## Aim of the task
When copying the entries below, leave out every picture and keep the rest exact.

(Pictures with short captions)
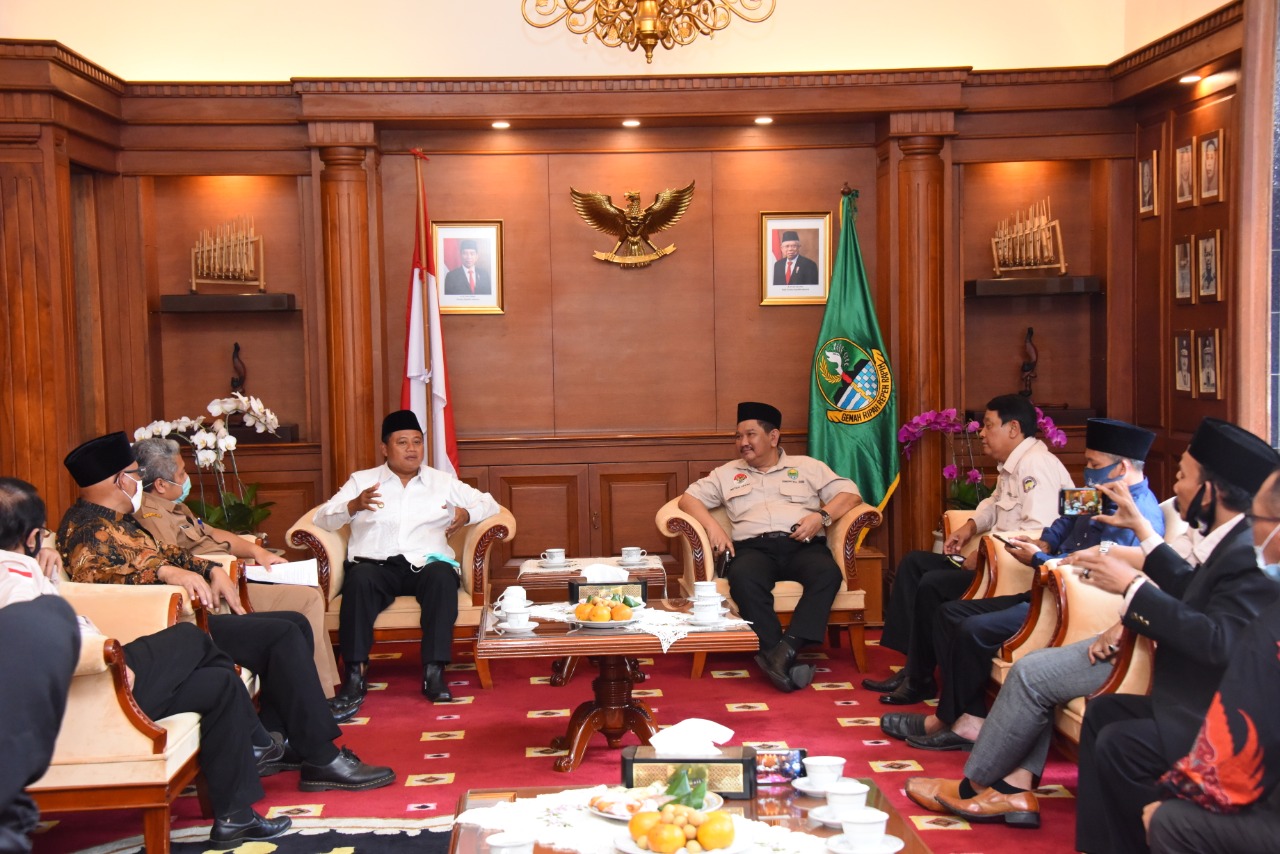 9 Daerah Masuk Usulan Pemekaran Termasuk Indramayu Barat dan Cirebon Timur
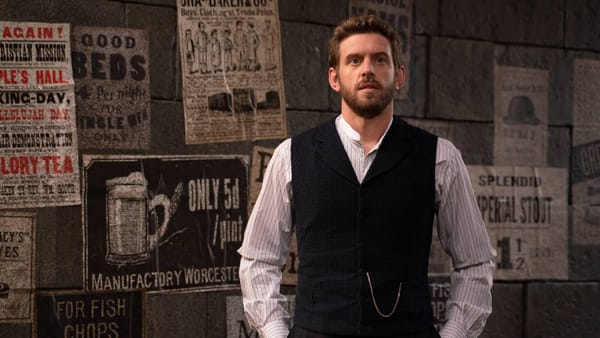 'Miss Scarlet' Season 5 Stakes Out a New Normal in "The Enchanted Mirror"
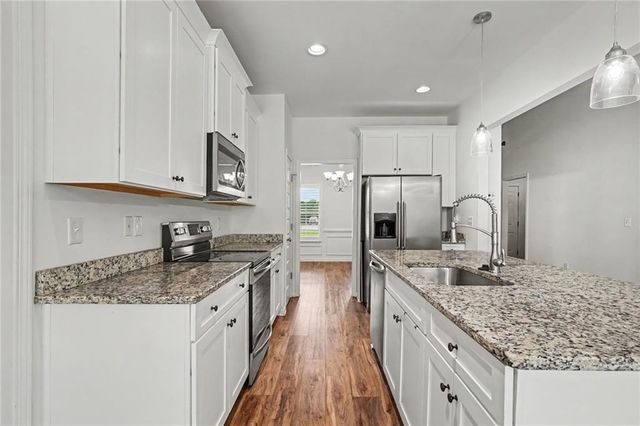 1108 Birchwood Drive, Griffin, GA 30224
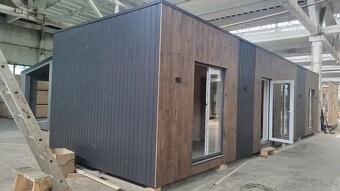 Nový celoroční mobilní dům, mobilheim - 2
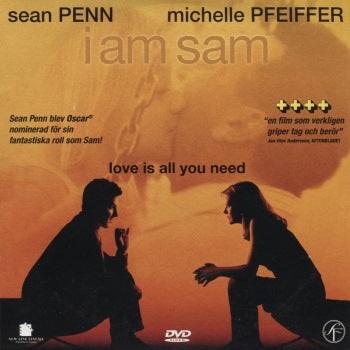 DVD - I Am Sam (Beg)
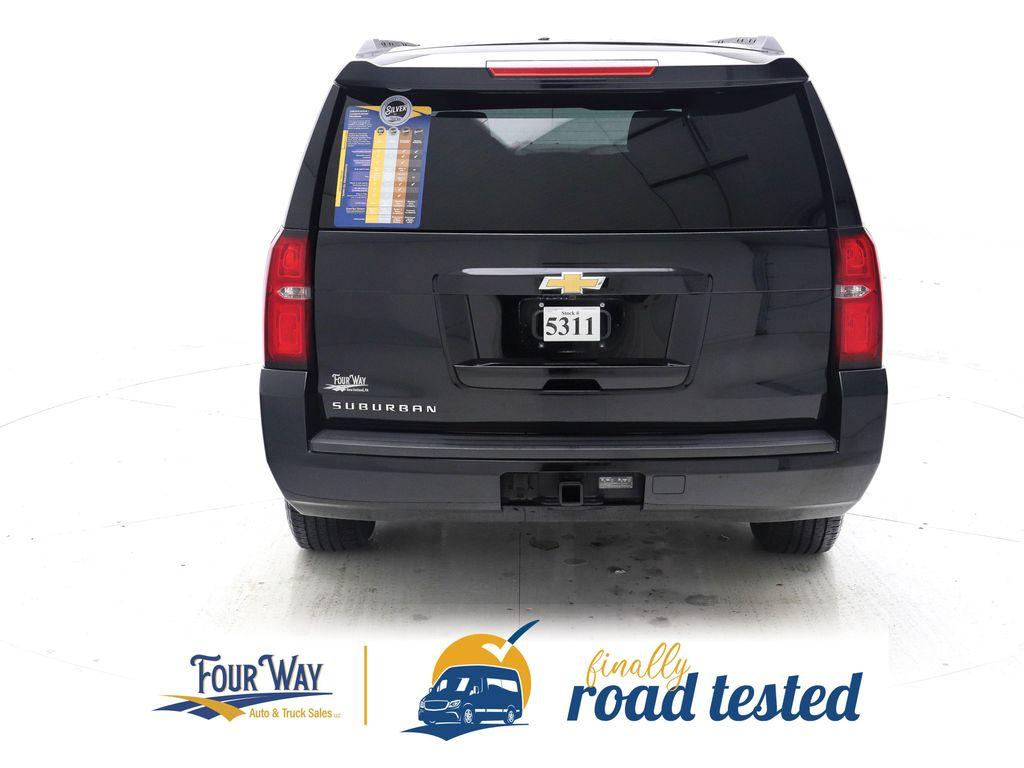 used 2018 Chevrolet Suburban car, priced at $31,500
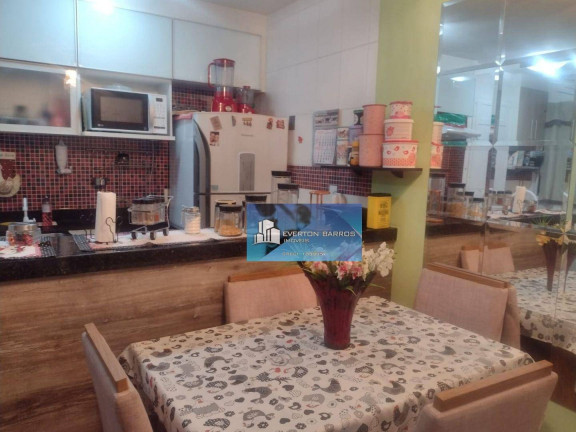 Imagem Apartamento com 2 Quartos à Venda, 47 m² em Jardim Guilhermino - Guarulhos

## Answer box
 9 Daerah Masuk Usulan Pemekaran Termasuk Indramayu Barat dan Cirebon Timur
 'Miss Scarlet' Season 5 Stakes Out a New Normal in "The Enchanted Mirror"
 1108 Birchwood Drive, Griffin, GA 30224
 Nový celoroční mobilní dům, mobilheim - 2
 DVD - I Am Sam (Beg)
 used 2018 Chevrolet Suburban car, priced at $31,500
 Imagem Apartamento com 2 Quartos à Venda, 47 m² em Jardim Guilhermino - Guarulhos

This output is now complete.